In the CityAM editorial today ("The EU has been hiding its debt for years"), the ever-brilliant Allister Heath points out that the EU has long turned a blind eye to the accounting tricks of its members so that the criteria of the Euro-zone could be ‘met’: “It was once well-known that Greece, Italy and other countries had used dodgy tricks to embellish their public finances prior to the launch of Economic and Monetary Union to meet the entry requirements”. His key point is about institutional amnesia: ”Yet now everybody is pretending to be surprised or even shocked”. I say ‘blind eye’ and ‘accounting tricks’ but what this really amounted to was condoning fraud for a higher good; and ‘amnesia’ is a nice way of saying ‘lying’. That Goldman Sachs and JP Morgan helped (respectively) Greece and Italy push debt off their balance sheets led to a row with, says Heath, “the European establishment cracking down on anybody who dared talk about this”.
Of course this all supports the transparency agenda, the call for see-through government. People inside a system usually end up believing it works best when the smarter and wiser insiders are left alone to take care of things, undisturbed by the prying eyes of outsiders who are considered unequipped to judge. This fantasy of ‘inner circle wisdom’ explodes when a part of the Euro-zone goes bankrupt. Openness would have prevented it. It would have forced populations to confront their problems while they were still fixable.
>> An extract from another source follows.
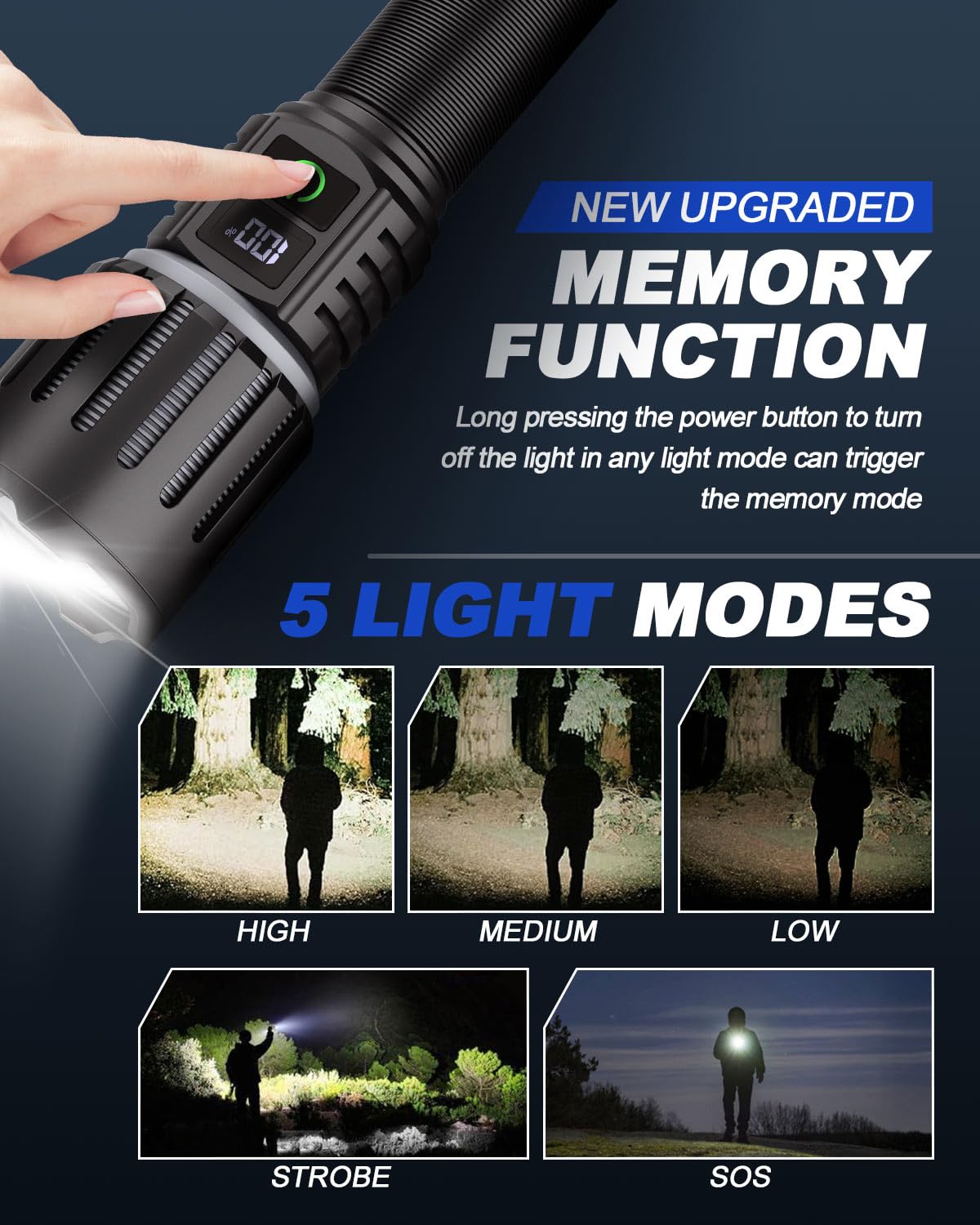 Victoper Rechargeable Flashlight, Titanium 5 Modes Zoomable Flash Light, Bright Real 1500 High Lumens Flashlights, LED Power Display Tactical Flash Lights Holster for Camping Essential Men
If you can’t know, you can’t act responsibly.
Secrecy creates stupidity. The deliberate obscurantism of the EU means problems don’t get fixed. The system then multiplies small practical problems into systemic collapse. Because we cannot see, we cannot engage. Because we cannot engage, we cannot change things. Because we cannot change things, we are left with only two options: learn to love it dumbly, or leave it. By its culture of distance, the commission creates an impossible condition even for those who might otherwise support some ideal of union.
See-through government is the foundation of prosperity, freedom and justice. We should be radical and passionate about it. It’s time for a Freedom of Data Act, in the UK and the EU.